**Records for the exercise:**

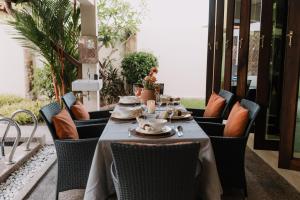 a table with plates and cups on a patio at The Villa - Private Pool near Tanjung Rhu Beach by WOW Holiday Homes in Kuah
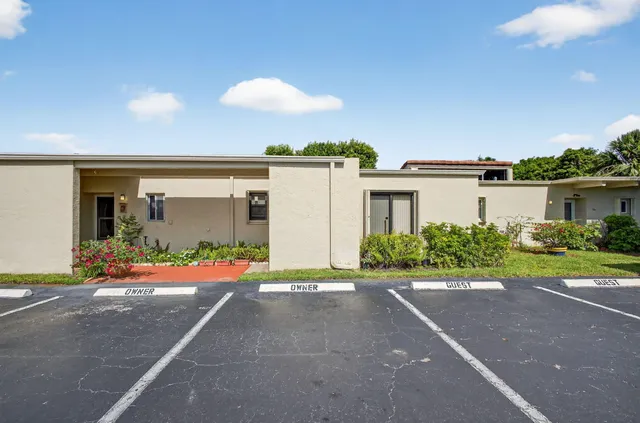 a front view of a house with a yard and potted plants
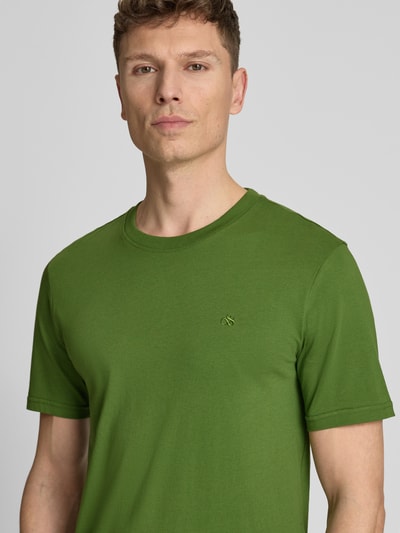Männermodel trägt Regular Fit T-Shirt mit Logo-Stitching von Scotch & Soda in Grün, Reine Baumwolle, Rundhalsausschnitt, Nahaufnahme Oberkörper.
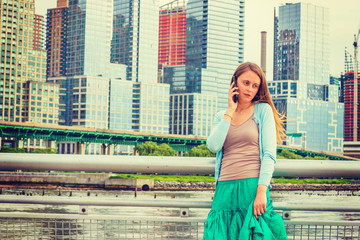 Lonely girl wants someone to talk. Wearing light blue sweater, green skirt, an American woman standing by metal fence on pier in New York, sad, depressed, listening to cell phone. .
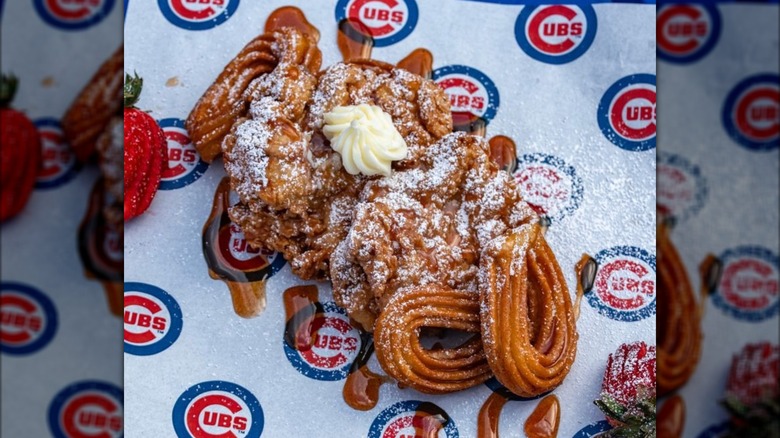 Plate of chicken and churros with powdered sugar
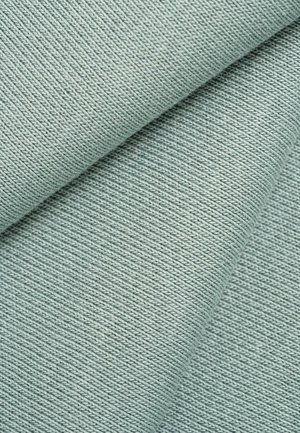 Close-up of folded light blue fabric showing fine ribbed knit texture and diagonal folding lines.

**Exercise objective:** Word for word, write out each line from the one with "Lonely girl wants" through the end of the entries above, and omit any pictures.

**Result for this task:**
 Lonely girl wants someone to talk. Wearing light blue sweater, green skirt, an American woman standing by metal fence on pier in New York, sad, depressed, listening to cell phone. .
 Plate of chicken and churros with powdered sugar
 Close-up of folded light blue fabric showing fine ribbed knit texture and diagonal folding lines.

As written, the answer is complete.